I have to admit that I sought out this album (the CD reissue version) after watching the movie The Blues Brothers, in which the characters “Joliet” Jake and Elwood Blues listen to “Hold On, I’m Comin'” and “Soothe Me” from it on 8-Track while riding in the “Bluesmobile”. Originally released in 1969 with fourteen tracks, reissues expanded the track list by a full 50% (with twenty-one tracks). While the original version had the advantage of being one of the best track-for-track southern soul albums ever, the reissues add some more great tracks — even if some classics like “I Can’t Stand Up (For Falling Down)” are still absent.
Nicknamed “The Dynamic Duo,” “Double Dynamite,” and “The Sultans of Sweat,” Sam & Dave were the most commercially popular soul act of their era. They were a crossover success, achieving mainstream popularity rather than just ghettoized niche genre success. Decades later, with the vacuity of most pop, it is almost hard to believe that music this genuinely good could achieve such commercial success!

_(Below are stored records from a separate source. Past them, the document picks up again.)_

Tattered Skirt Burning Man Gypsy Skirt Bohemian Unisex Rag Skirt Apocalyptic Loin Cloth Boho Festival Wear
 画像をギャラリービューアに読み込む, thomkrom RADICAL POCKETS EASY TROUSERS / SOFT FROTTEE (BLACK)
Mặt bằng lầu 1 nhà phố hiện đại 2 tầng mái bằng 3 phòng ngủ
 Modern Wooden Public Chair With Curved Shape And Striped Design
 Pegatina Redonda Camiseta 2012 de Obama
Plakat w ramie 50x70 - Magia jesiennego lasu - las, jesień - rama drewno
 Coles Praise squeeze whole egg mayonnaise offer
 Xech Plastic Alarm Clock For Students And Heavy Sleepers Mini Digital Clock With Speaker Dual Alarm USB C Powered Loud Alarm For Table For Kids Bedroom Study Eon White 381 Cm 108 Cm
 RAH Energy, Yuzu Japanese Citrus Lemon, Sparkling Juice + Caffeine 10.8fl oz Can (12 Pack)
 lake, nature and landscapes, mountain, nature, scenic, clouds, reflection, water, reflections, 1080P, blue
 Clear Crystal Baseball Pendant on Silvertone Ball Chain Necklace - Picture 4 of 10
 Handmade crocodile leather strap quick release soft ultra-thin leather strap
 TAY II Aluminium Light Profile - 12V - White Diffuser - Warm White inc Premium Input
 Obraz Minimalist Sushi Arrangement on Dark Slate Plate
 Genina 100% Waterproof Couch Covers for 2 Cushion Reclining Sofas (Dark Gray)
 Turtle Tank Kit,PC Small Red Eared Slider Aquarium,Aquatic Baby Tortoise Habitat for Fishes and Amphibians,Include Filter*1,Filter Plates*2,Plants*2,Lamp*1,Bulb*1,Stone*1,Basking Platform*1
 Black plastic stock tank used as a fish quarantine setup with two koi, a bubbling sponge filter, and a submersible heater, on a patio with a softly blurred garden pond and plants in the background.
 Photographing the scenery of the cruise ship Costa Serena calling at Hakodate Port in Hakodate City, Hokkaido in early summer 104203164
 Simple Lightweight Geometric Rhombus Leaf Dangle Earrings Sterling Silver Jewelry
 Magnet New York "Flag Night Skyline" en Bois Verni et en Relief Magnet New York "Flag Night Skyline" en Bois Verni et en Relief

Sam Moore had a higher (tenor) vocal range, while Dave Prater had a lower baritone/tenor range. It was the contrast between their different voices that really set their music apart. But many of their best songs took those contrasts even further. “Hold on, I’m Coming” featured deep, low saxophones plus a contrasting bright, high trumpet, which mirrors the contrast between Moore and Prater’s vocals. The ending of “May I Baby” uses a similar device. “Soul Man” places the entire horn section in contrast with the sweet guitar of Steve Cropper. All that made for a useful metaphor for the late period of the freedom (civil rights) movement. The chord progressions and other aspects of the music drew heavily from gospel. The recordings benefit from being part of the classic Stax era, drawing on the talents of the house musicians and the songwriting team of Issac Hayes and David Porter. Sam & Dave’s working relationship deteriorated in the 1970s, and the two would barely speak to each other. That is perhaps an irrelevancy, as their brand of soul music fell out of favor as the world changed around them in that decade.
The Best of Sam & Dave is a great set of music, and it remains one of the essentials of southern soul.